**TASK TO COMPLETE:**
For the full listing below, write out each entry exactly and exclude the images.

**MATERIAL FOR THE TASK:**
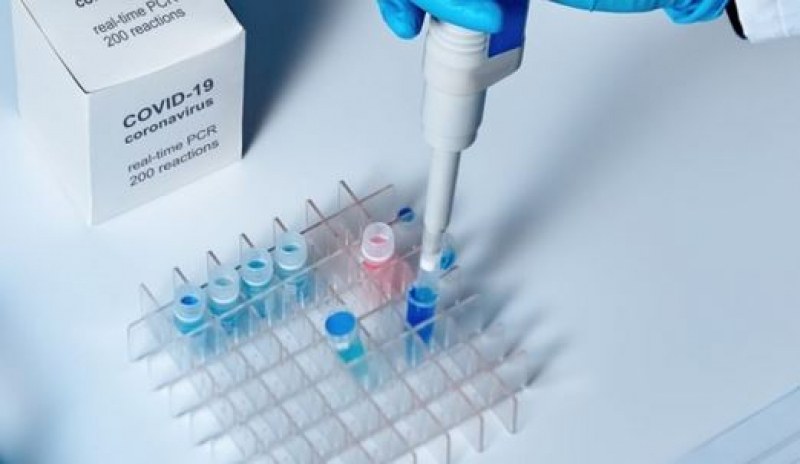 Разработиха тест, проследяващ нивото на антитела срещу разновидностите на вируса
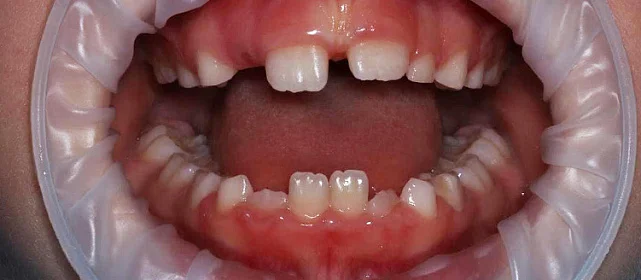 Детская профилактическая гигиена полости рта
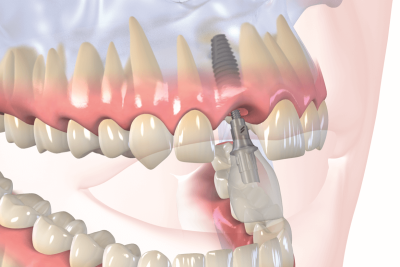 Одномоментная имплантация: установка абатмента с коронкой на передний зуб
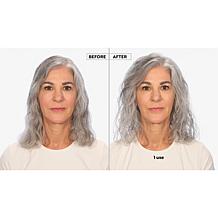 Keranique Hair Regrowth 60-Day Treatment w/ Scalp Massager Auto-Ship®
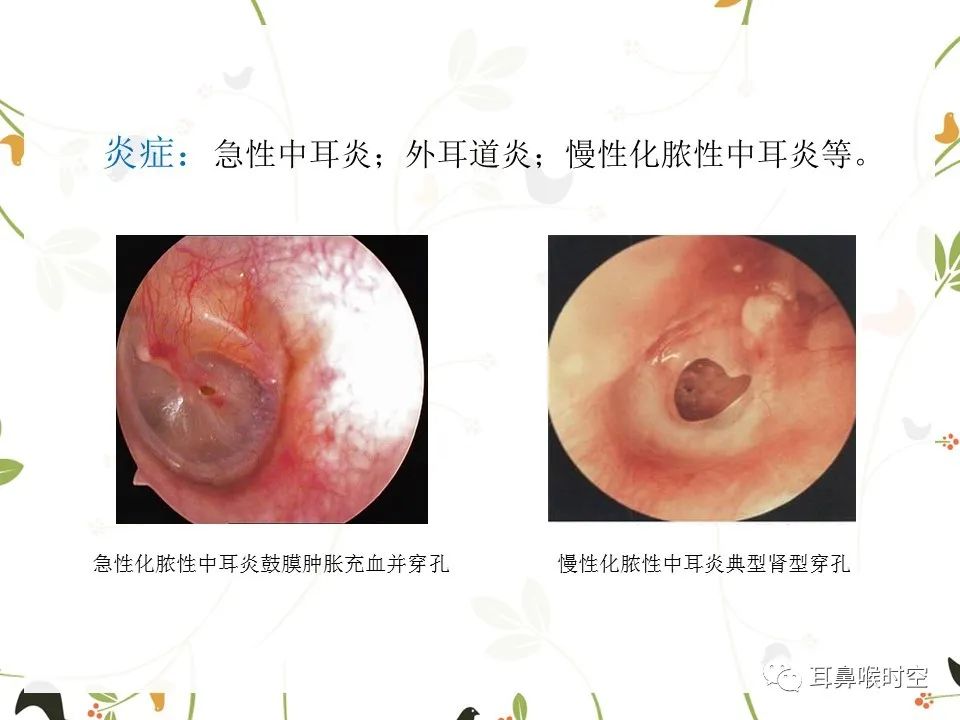 鼓膜可见穿孔,鼓膜穿孔听力下降能恢复吗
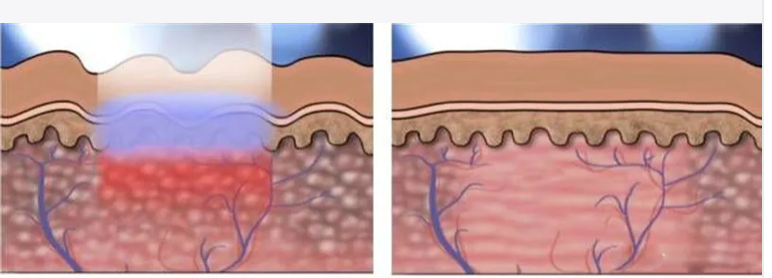 激光治疗仪能治什么病妇科“秘密武器”——激光治疗仪，做无“病”女人_https://www.jmylbn.com_新闻资讯_第4张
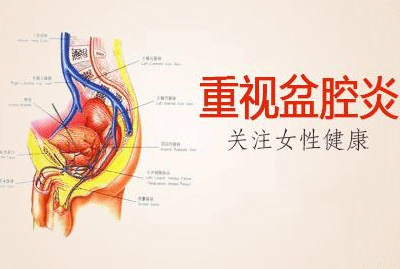 盆腔炎性病理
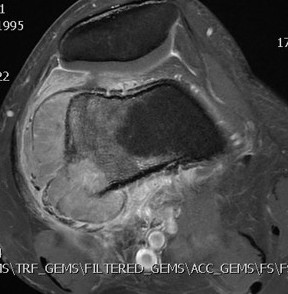 Ewings femur MRI axial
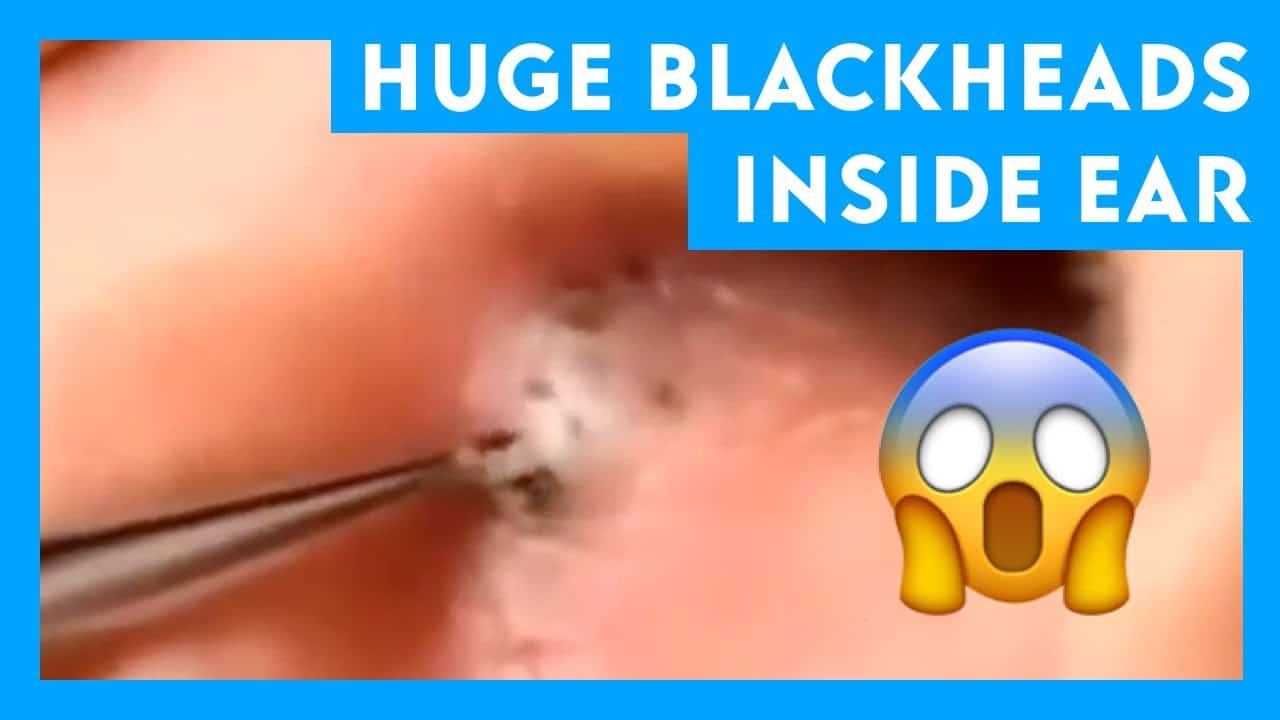 Huge Blackheads Inside Ear || Cyst and Blackheads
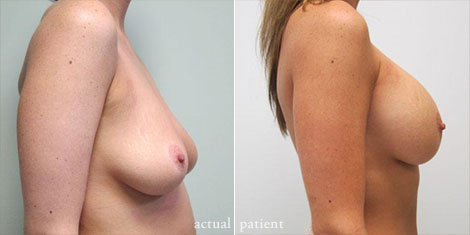 Breast Augmentation: Is It Worth It?'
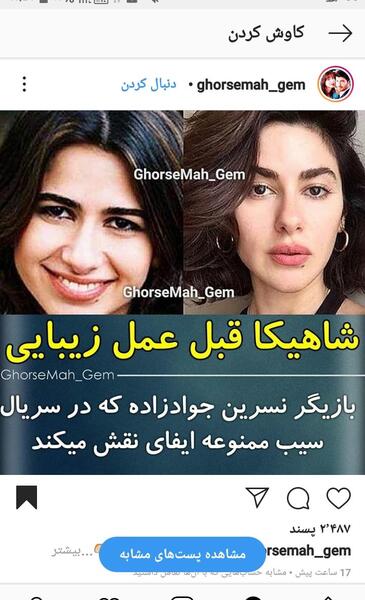 عکس قبل از عمل شاهیکا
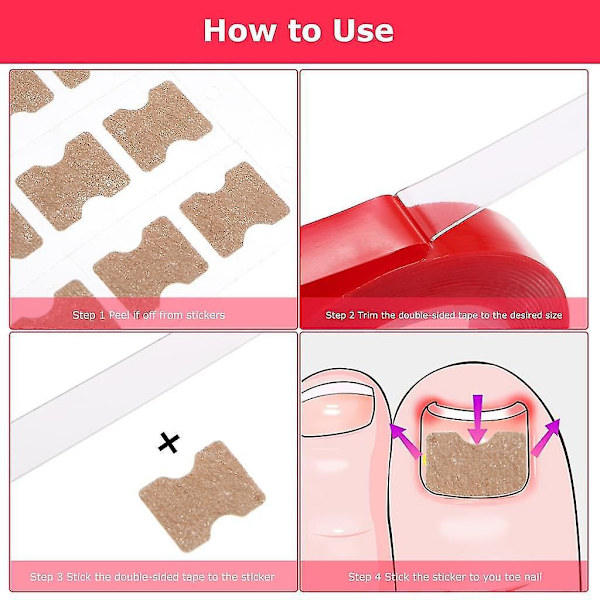 30pcs Ingrown Toenail Correction Patch Breathable Elastic Cotton Glue Patch Thumb Bent Toenail Clip Pedicure Tool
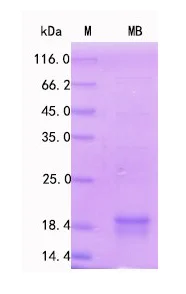 SDS-PAGE - Recombinant Human Myoglobin Protein Standard (His tag) (AB316414)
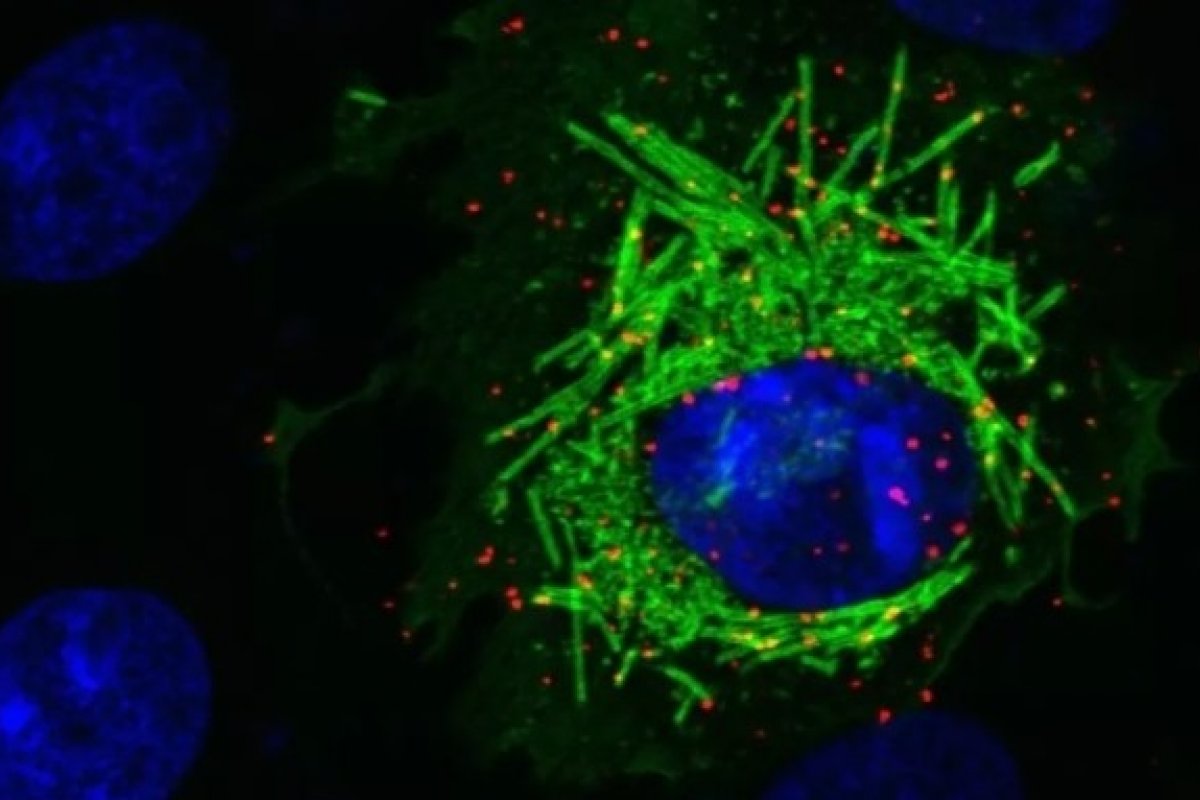 Covid-19: estudo revela que vírus manipula as células para se replicar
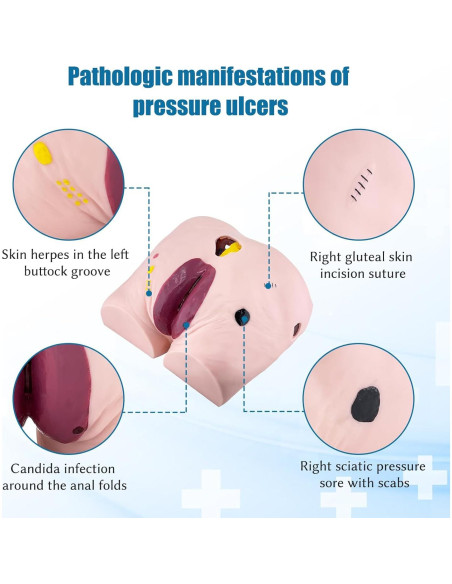 Modelo de Úlcera por Decúbito JNMFTD - 4 Etapas Realistas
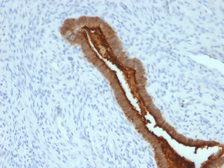 Anti-MUC1 antibody [SPM492] used in IHC (Paraffin sections) (IHC-P). GTX34861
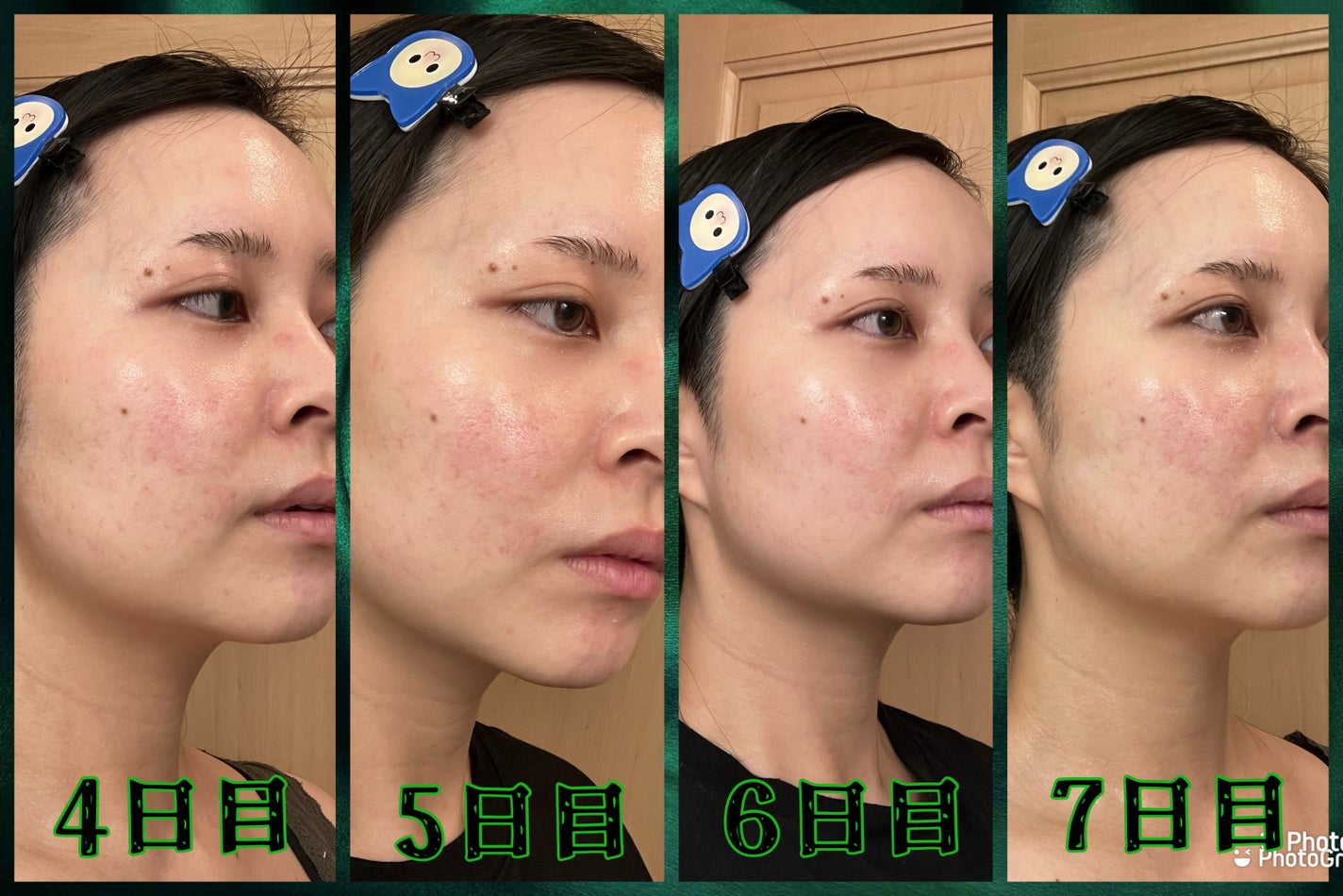 ðððŒð°ðàŸàœ²ð on LIPS ãâ¡.·â¯â¯â¯â¯â¯â¯â¯â¯â¯â¯â¯â¯â¡.·ãã¯ããã°ãã¡ãðàŸàœ²ðå..ãïŒ5æç®ïŒ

**ANSWER TO THE PROBLEM:**
 Разработиха тест, проследяващ нивото на антитела срещу разновидностите на вируса
 Детская профилактическая гигиена полости рта
 Одномоментная имплантация: установка абатмента с коронкой на передний зуб
 Keranique Hair Regrowth 60-Day Treatment w/ Scalp Massager Auto-Ship®
 鼓膜可见穿孔,鼓膜穿孔听力下降能恢复吗
 激光治疗仪能治什么病妇科“秘密武器”——激光治疗仪，做无“病”女人_https://www.jmylbn.com_新闻资讯_第4张
 盆腔炎性病理
 Ewings femur MRI axial
 Huge Blackheads Inside Ear || Cyst and Blackheads
 Breast Augmentation: Is It Worth It?'
 عکس قبل از عمل شاهیکا
 30pcs Ingrown Toenail Correction Patch Breathable Elastic Cotton Glue Patch Thumb Bent Toenail Clip Pedicure Tool
 SDS-PAGE - Recombinant Human Myoglobin Protein Standard (His tag) (AB316414)
 Covid-19: estudo revela que vírus manipula as células para se replicar
 Modelo de Úlcera por Decúbito JNMFTD - 4 Etapas Realistas
 Anti-MUC1 antibody [SPM492] used in IHC (Paraffin sections) (IHC-P). GTX34861
 ðððŒð°ðàŸàœ²ð on LIPS ãâ¡.·â¯â¯â¯â¯â¯â¯â¯â¯â¯â¯â¯â¯â¡.·ãã¯ããã°ãã¡ãðàŸàœ²ðå..ãïŒ5æç®ïŒ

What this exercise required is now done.